Patients who successfully complete Fx1B-201 will report to the clinical unit on Day 0 to sign the informed consent form and determine eligibility for Protocol Fx1B-303. In addition, on Day 0, patients will have their entrance criteria reviewed, and medical histories and demographic characteristics obtained.

The physical examination (including weight and vital signs) and the relevant end of study clinical laboratory tests (alkaline phosphatase, alanine aminotransferase, aspartate aminotransferase, blood urea nitrogen, gamma glutamyl transferase, creatinine, total bilirubin, international normalized ratio, troponin I, troponin T, and amino-terminal B-type natriuretic peptide) from Protocol Fx1B-201 will be used for Protocol Fx1B-303. If more than 30 days has elapsed between the final study visit of Protocol Fx1B-201 and Day 0 of Protocol Fx1B-303, an abbreviated physical examination (including weight and vital signs) and clinical laboratory assessments must be performed on Day 0.

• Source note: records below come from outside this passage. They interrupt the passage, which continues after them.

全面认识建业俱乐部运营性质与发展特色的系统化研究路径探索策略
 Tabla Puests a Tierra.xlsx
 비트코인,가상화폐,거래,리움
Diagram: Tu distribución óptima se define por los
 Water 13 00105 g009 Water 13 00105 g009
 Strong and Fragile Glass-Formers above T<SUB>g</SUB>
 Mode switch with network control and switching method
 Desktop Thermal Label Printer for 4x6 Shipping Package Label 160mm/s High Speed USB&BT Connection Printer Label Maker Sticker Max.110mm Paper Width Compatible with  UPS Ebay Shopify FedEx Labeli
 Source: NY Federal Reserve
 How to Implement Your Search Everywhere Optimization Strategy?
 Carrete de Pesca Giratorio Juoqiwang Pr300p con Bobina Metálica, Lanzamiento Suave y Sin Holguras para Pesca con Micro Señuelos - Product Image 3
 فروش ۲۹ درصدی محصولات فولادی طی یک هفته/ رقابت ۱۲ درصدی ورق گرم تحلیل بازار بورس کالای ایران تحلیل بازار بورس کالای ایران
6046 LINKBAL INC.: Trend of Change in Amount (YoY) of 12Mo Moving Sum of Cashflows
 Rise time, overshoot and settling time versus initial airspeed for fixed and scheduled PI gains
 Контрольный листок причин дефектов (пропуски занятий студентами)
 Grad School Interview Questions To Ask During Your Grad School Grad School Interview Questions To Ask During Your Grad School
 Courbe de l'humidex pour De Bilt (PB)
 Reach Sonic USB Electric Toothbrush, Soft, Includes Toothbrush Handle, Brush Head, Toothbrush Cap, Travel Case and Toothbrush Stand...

Eligible patients will begin once-daily dosing with 20 mg Fx-1006A at home on Day 1 (i.e., first dose) and will return to the clinical unit for study visits every 6 months.

Adverse events (AEs) and concomitant medication use will be collected at each 6-month visit to the clinical unit. Blood draws for clinical safety laboratory tests and abbreviated physical examinations (including weight and vital signs) will also be performed at each 6-month clinic visit. ECGs will be performed every 12 months on an annual basis. A telephone call will be made at 3-month intervals between clinic visits to assess safety and use of concomitant medications.

For the evaluation of efficacy, the Patient Global Assessment, NYHA classification, KCCQ, 6-minute walk test, and efficacy-related clinical laboratory tests (serum levels of troponin T, troponin I, and NT-pro-BNP) will be determined every 6 months. In addition, echocardiograms will be performed every 12 months on an annual basis.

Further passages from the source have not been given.